EXTRACTED MATERIAL
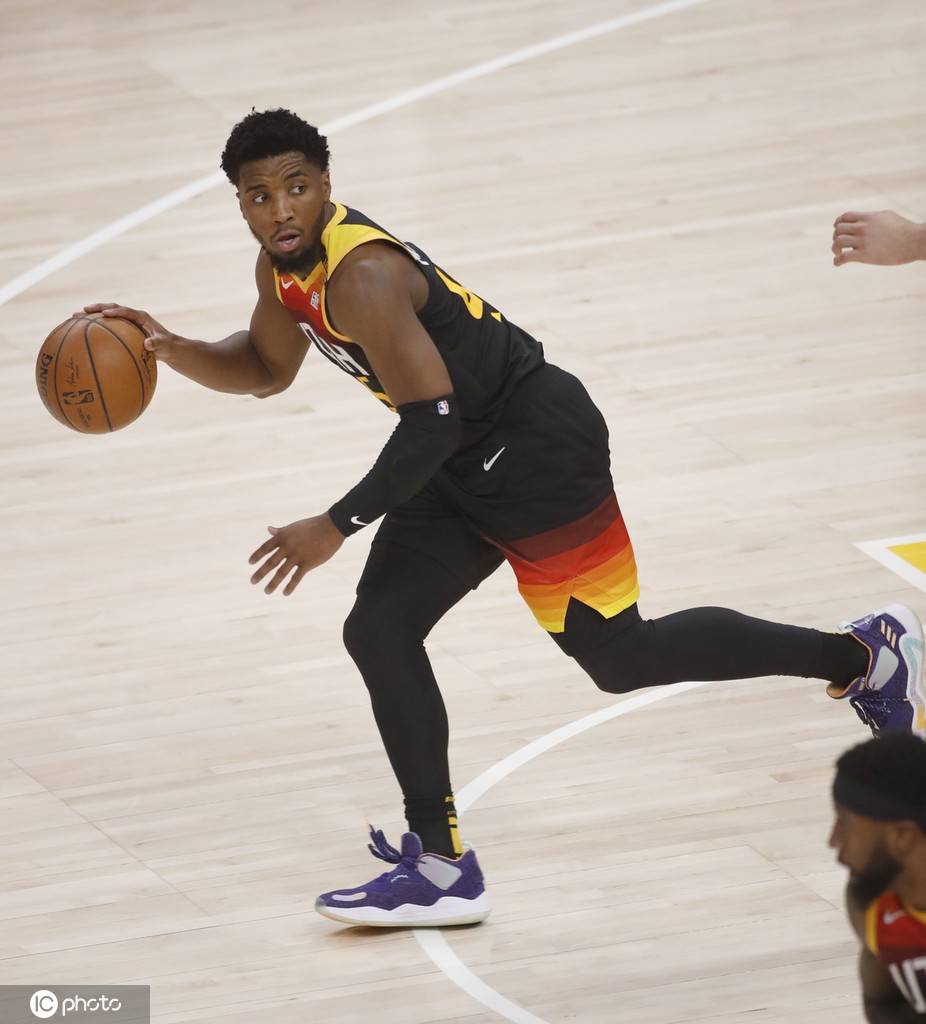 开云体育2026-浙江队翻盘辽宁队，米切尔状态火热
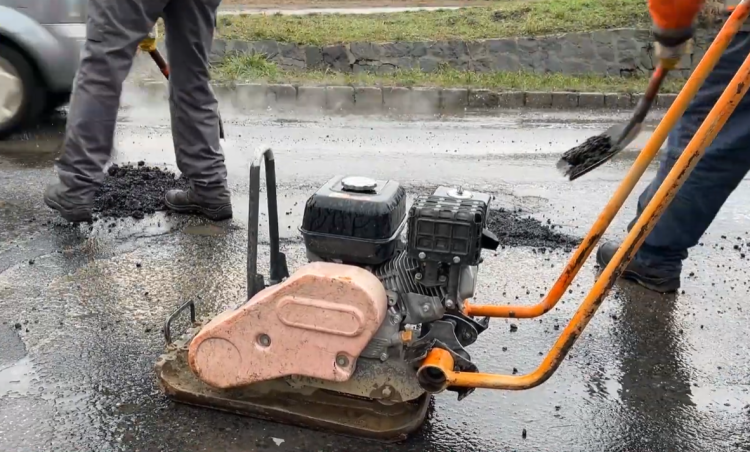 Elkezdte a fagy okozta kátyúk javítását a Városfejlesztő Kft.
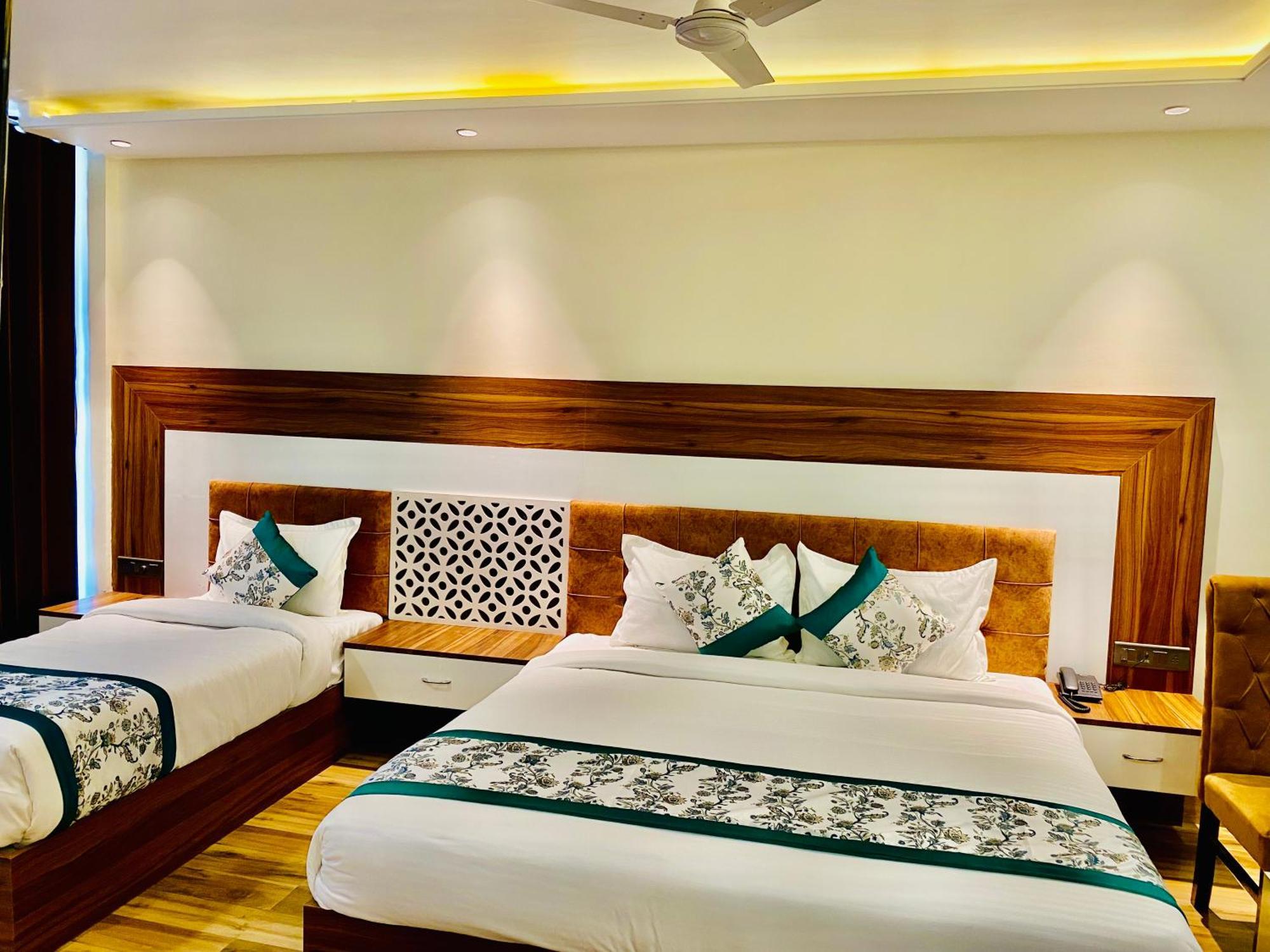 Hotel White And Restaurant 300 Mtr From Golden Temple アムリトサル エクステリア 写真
---
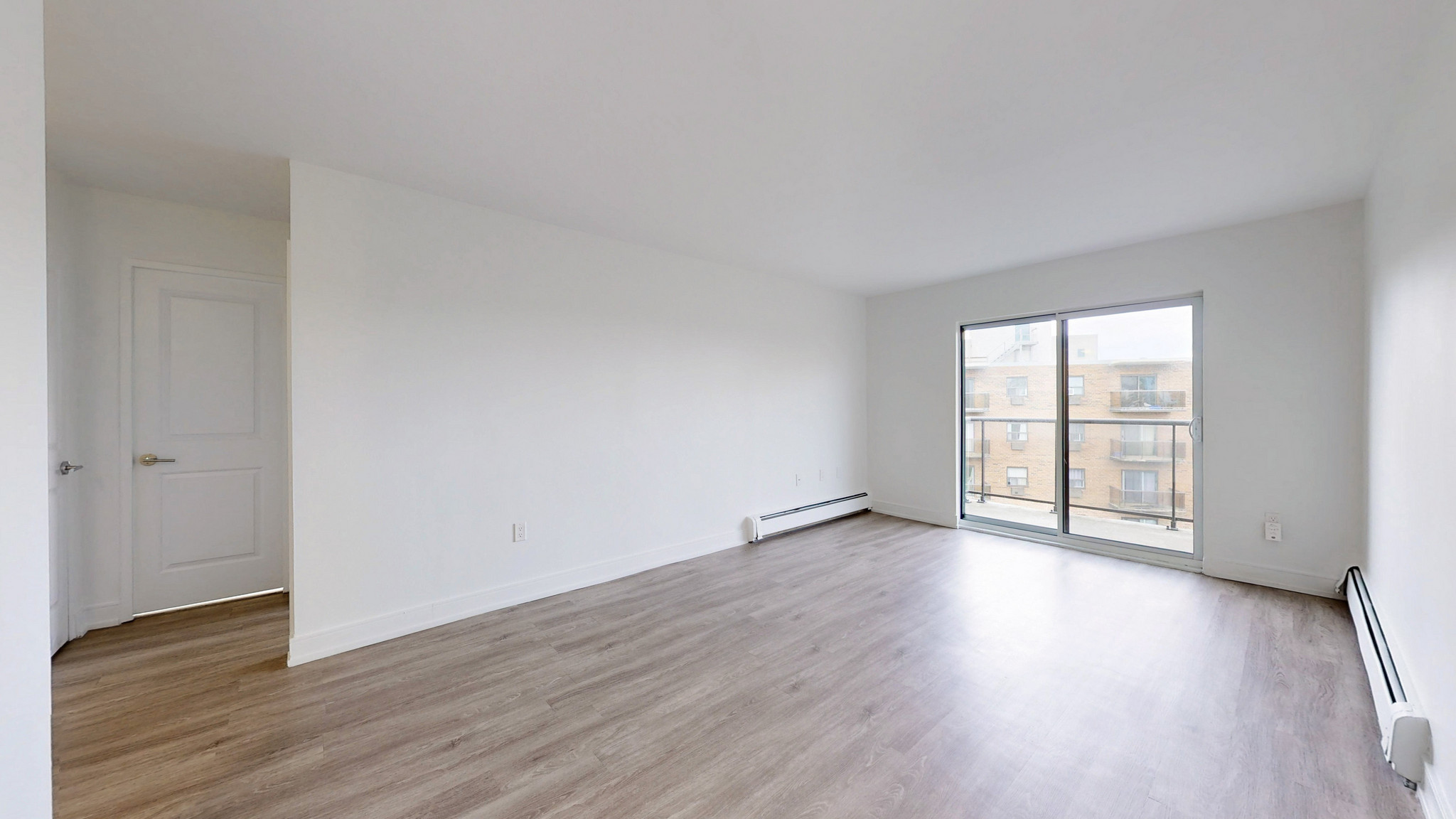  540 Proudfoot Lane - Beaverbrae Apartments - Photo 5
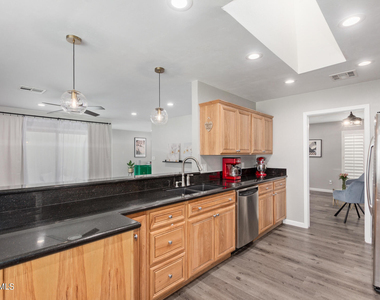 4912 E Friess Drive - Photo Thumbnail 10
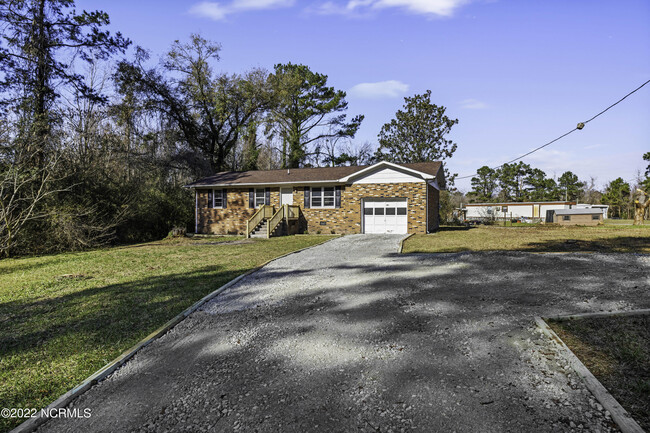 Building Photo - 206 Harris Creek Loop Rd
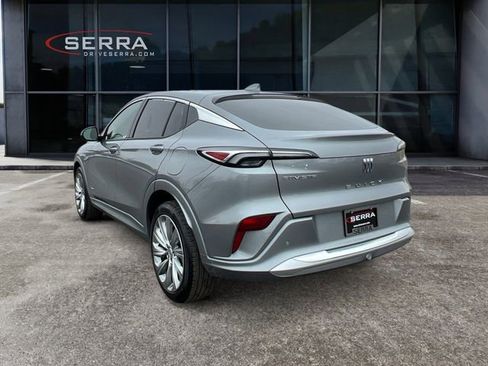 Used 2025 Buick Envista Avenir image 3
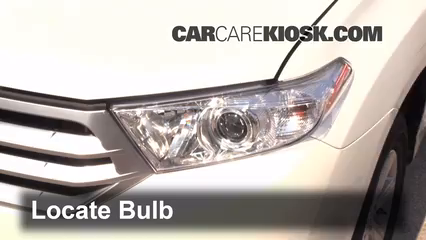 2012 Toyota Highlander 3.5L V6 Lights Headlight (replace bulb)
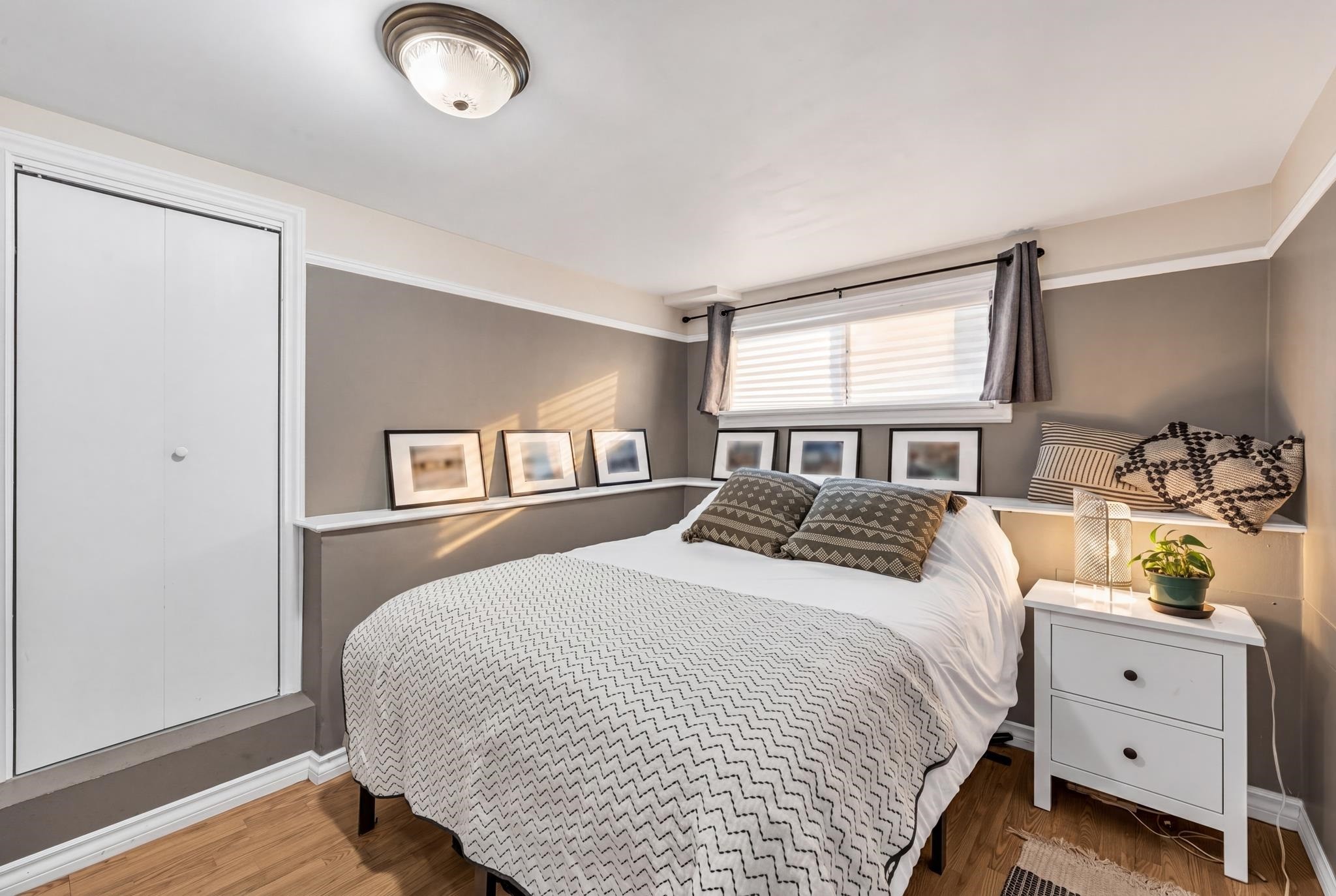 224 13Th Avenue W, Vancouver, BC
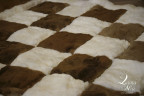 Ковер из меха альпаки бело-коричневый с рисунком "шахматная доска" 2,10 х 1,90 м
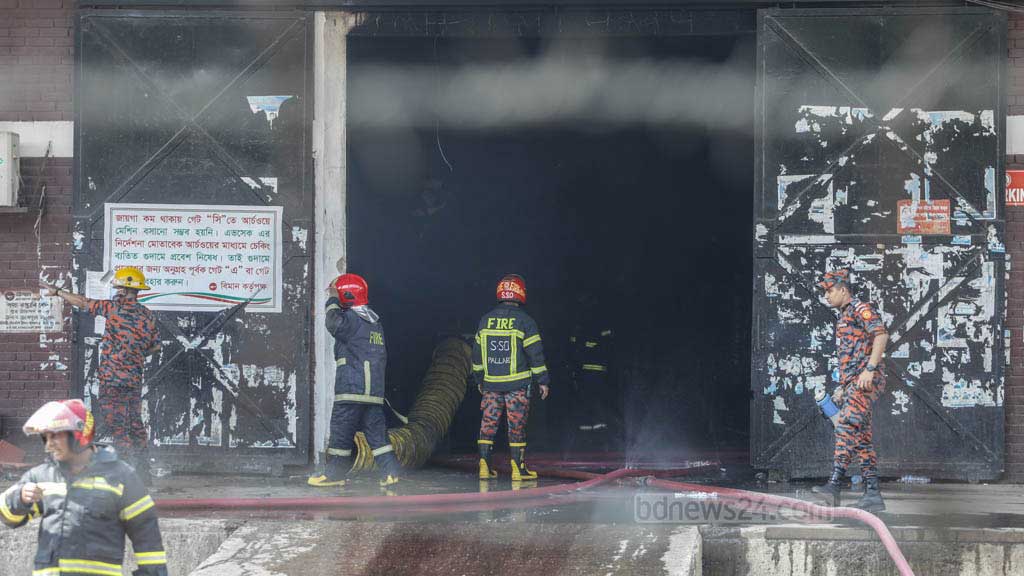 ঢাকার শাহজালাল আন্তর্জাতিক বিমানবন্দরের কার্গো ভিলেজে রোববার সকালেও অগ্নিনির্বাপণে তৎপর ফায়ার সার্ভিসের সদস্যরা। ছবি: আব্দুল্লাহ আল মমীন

EXERCISE GOAL
Above are some entries; copy exactly the lines from the line with "Elkezdte a fagy" through the line with "Hotel White And", both included, but none of the pictures.

TASK OUTPUT
 Elkezdte a fagy okozta kátyúk javítását a Városfejlesztő Kft.
 Hotel White And Restaurant 300 Mtr From Golden Temple アムリトサル エクステリア 写真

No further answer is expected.